Active offseason will follow disastrous 2018 Orioles season -

Rich Dubroff

Active offseason will follow disastrous 2018 Orioles season

The worst season in the history of the Baltimore Orioles is over, and now an eventful offseason is about to begin. Manager Buck Showalter is expected to be replaced, perhaps as early as Monday, and there’s no word on whether Dan Duquette, the team’s longtime executive vice president of baseball operations, is staying.

Showalter, who is 24th on the all-time managers’ win list, not only skippered a team that was the worst in franchise history but one of the worst in baseball history.

The Orioles finished 47-115 and were consistently bad, losing 19 or 20 games in April, May, June, August and September. They never had a winning streak of more than four games but had 11 losing streaks of five or more.

By the end of April, the Orioles had lost 20 of 28 and were already 12 ½ games out of the American League East lead. Things got worse when the team lost seven straight in a West Coast trip against the Los Angeles Angels and Oakland Athletics.

And, when the team returned to Baltimore, Dylan Bundy allowed four home runs to Kansas City’s first seven batters, something that had never been done in baseball history.

“It’s disappointing, obviously, because you’re coming in the year and you thought you were going to be a great competitive team on paper,” Trey Mancini said.
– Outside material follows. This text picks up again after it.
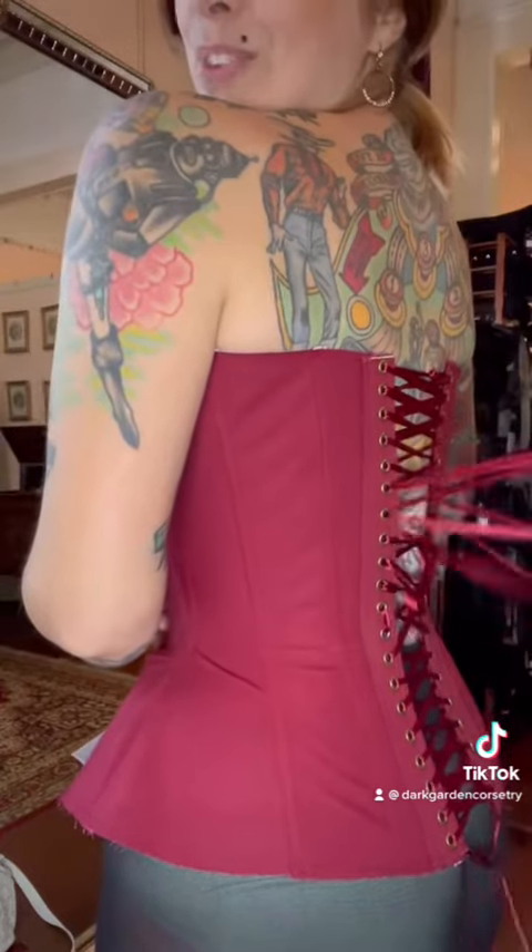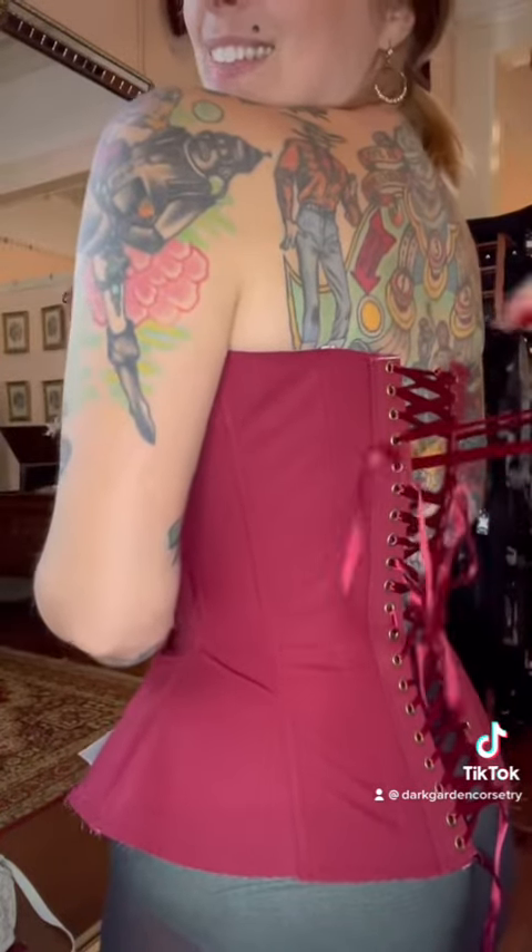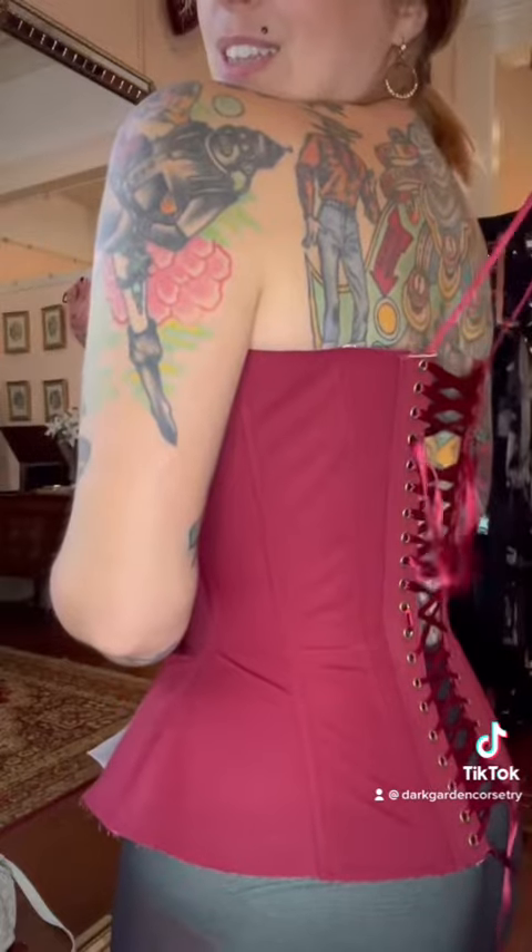Now it comes off, and the next steps will all happen in the sewing room.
“It certainly seemed to be that way, and we never really could bounce back from that April. It was tough for us. We didn’t play to the best of our ability and things, I think, especially after the West Coast road trip to Anaheim and Oakland, that was pretty tough for us, too. It might have taken the wind out of our sails, too.

“I think at that point, everybody kind of knew what was going to happen at the trade deadline. We did what we had to do there.”

When the Orioles traded Manny Machado to the Los Angeles Dodgers at the All-Star break, they had a record of 28-69 for a winning percentage of .289. After they dealt Machado, they were 19-46, and their winning percentage was nearly the same: .292.


The team used a record 56 players, including 15 who made their major league debut.

“You’re going to have a lot of new guys, a lot of young guys making their major league debuts,” Mancini said. “You kind of know that you’re not going to win as many games when that’s the case. I think it was important for a lot of us to start playing together and get to know each other and hopefully take all the lessons and use that to better ourselves next year. We have a good group here, and it just takes a while to kind of mesh.”

The Orioles won a game in each of their final six series, avoiding a long losing streak to end the season. Each win was in the final game of those six series.

Mancini, who finished third in the American League Rookie of the Year voting in 2017, slumped early in the season but perked up to finish with a .242 average, 24 home runs,  tying him with Machado for the team lead, and 58 RBIs. He said that good came out of the season.

“Absolutely, I think I take actually a lot of positives from it,” Mancini said.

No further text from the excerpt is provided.